Standard anti-tuberculosis therapy was initiated in partial patients immediately after surgery. In contrast, other patients were recommended to start their anti-tuberculosis treatment at specialized infectious disease department or hospital. They needed systematic evaluation of anti-tuberculosis treatment from professionals of infectious diseases. In China, we suggest the entire treatment should last for 6 to 12 months, which is similar to common practices in Western world [31]. However, the mean time for anti-tuberculosis treatment showed a significant difference between two groups. Migrant patients generally received anti-tuberculosis drugs irregularly for a shorter period of time.
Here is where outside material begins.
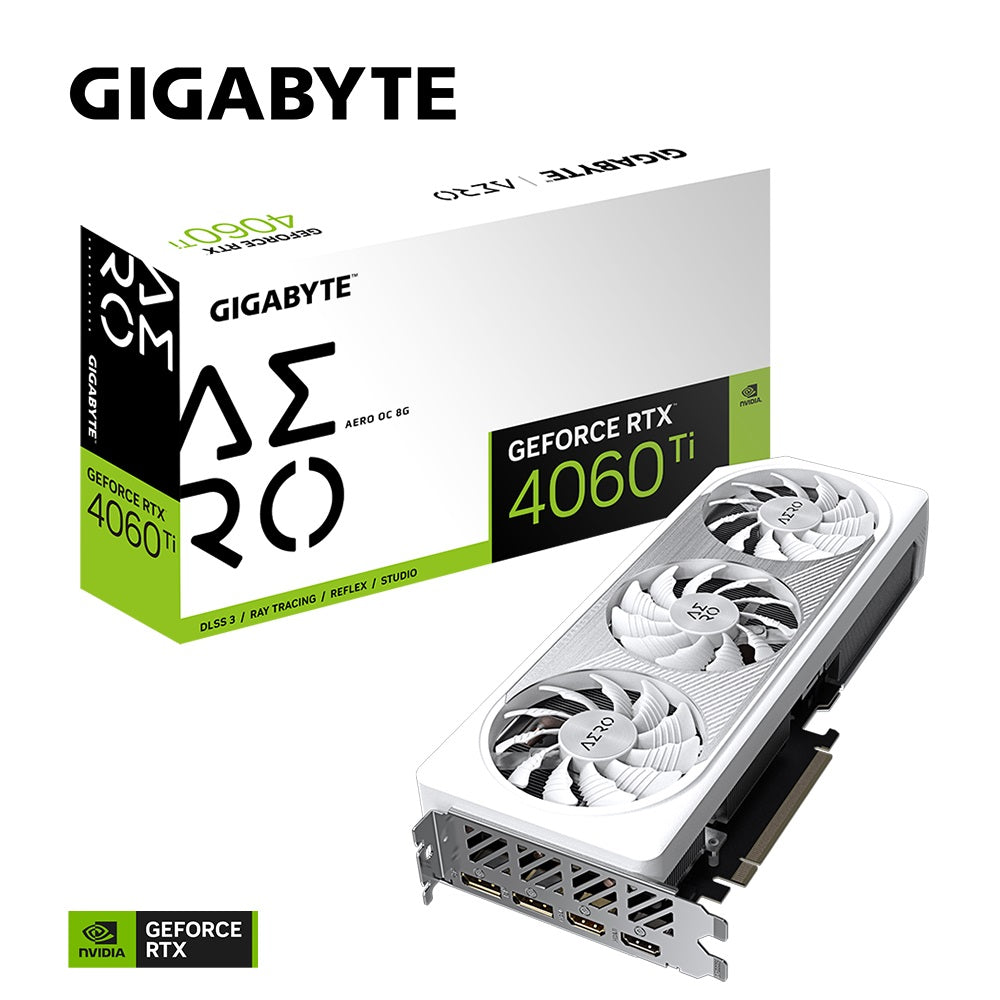 Gigabyte nVidia GeForce RTX 4060 Ti AERO OC 8GD GDDR6 Video Card, PCI-E 4.0, 2580MHz Core Clock, 2x DP 1.4a, 1x HDMI 2.1a-0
The general treatment success rate was 81.90% in all patients, with 88.24% in native patients and 75.93% in migrants. The relatively higher recurrent rate and poorer outcome in migrants were estimated due to their migrant characteristics, disobedience to self-supervision on anti-tuberculosis drugs intake as well as failure in receiving medical treatment because of heavy economic burden [17]. These people migrated frequently due to job insecurity. Therefore, they tended to overlook taking medication regularly. Meanwhile, in our long-term follow-ups, some of migrant patients considered medication was insignificant since they regained functional joint activity after surgery. These people refused to supervise themselves on anti-tuberculosis drugs intake. More importantly, the poor outcomes also resulted from huge economic burden on migrant patients because many of them were not covered by local medical insurance. Insufficient government budget outlay in public health, especially for severe infectious diseases, is a common problem in developing countries. In China, TB patients need to cover 30–44% of total medical expense by themselves. It means more for migrants. However, the general successful result was already close to that from developed countries in Europe, like Denmark [23]. Johansen and colleagues retrospectively reviewed 282 cases of bone and joint tuberculosis in 17 years. Their general success rate was 83%. However, 15 patients died within 1 year of follow-up in their study. Besides, only 44% of all BJTB patients received open surgeries because they did not consider surgery as a major contributing factor for final successful treatment. It was especially valuable in such a big city with over 24 million people and highly complicated population proportion. The population mobility was used to evaluate the attraction of a major city, which also may bring about potential risks in transmitting infectious diseases [32]. This was one important reason proposed previously for the high incidence of BJTB in Shanghai. However, experienced medical team and sophisticated treatment protocol as well as timely diagnosis and treatment has contributed to successful rehabilitation in BJTB patients. More emphasis on medical care reforms will improve the overall tuberculosis treatment in Shanghai and nationwide.

Conclusion

BJTB was not uncommon in large developed cities, like Shanghai. The migrants had a higher risk of recurrence and exhibited a relatively poorer outcome than native patients. The typical BJTB patients displayed bone defects and erosion at lesion site from X-ray, CT or MRI examination. The diagnosis could be assisted by T-SPOT, sputum culture and biopsy. The surgical intervention and postoperative management was vital to restore functional joint activity and ensured final recovery.